REQUIRED ACTION. Copy, with no pictures, the line that contains "TRIANON lapos tnyr 24 5cm" and each line after it down to the end of the entries below, exactly.

BEGIN SUPPLIED MATERIAL

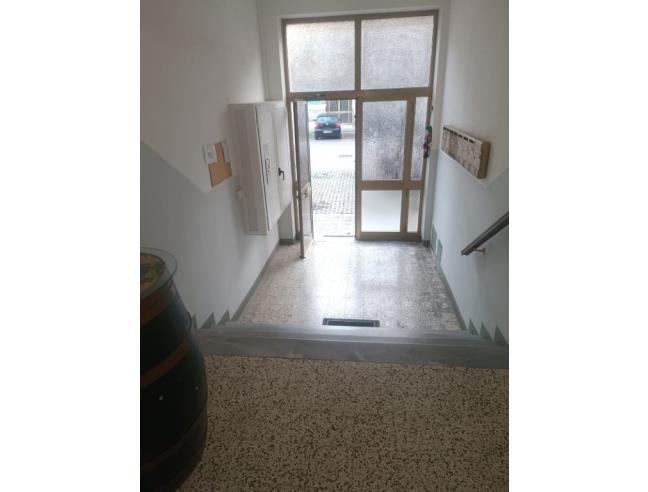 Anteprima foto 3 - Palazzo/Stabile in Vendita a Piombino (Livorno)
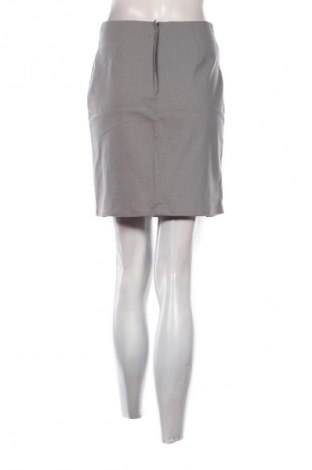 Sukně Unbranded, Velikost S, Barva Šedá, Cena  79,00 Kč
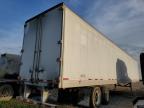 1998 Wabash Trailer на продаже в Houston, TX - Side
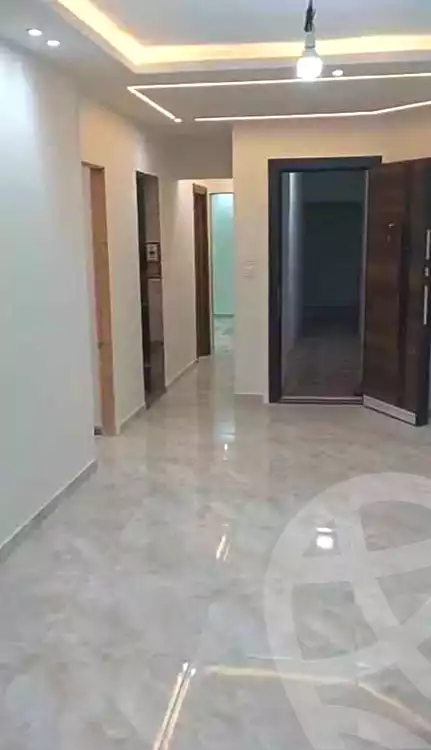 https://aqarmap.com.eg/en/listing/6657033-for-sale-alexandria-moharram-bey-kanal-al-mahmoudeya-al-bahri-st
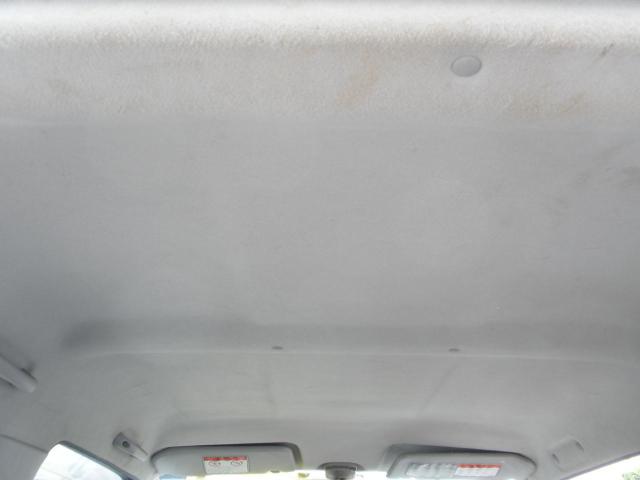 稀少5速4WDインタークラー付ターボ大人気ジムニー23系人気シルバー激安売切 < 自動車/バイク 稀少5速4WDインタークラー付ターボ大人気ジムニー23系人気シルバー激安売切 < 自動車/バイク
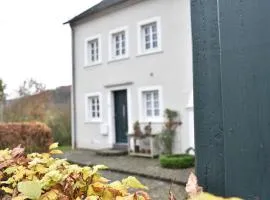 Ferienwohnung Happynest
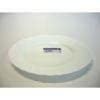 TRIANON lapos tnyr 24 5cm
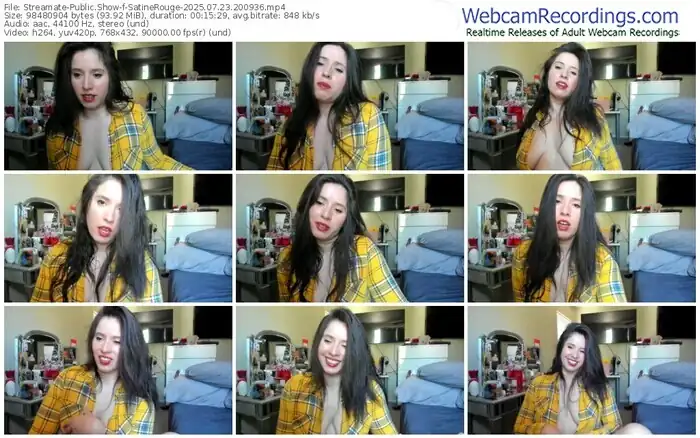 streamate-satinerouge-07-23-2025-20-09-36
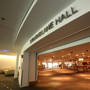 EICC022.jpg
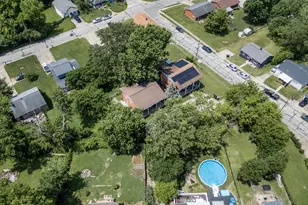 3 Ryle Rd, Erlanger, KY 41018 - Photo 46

END SUPPLIED MATERIAL

EXERCISE OUTPUT.
 TRIANON lapos tnyr 24 5cm
 streamate-satinerouge-07-23-2025-20-09-36
 EICC022.jpg
 3 Ryle Rd, Erlanger, KY 41018 - Photo 46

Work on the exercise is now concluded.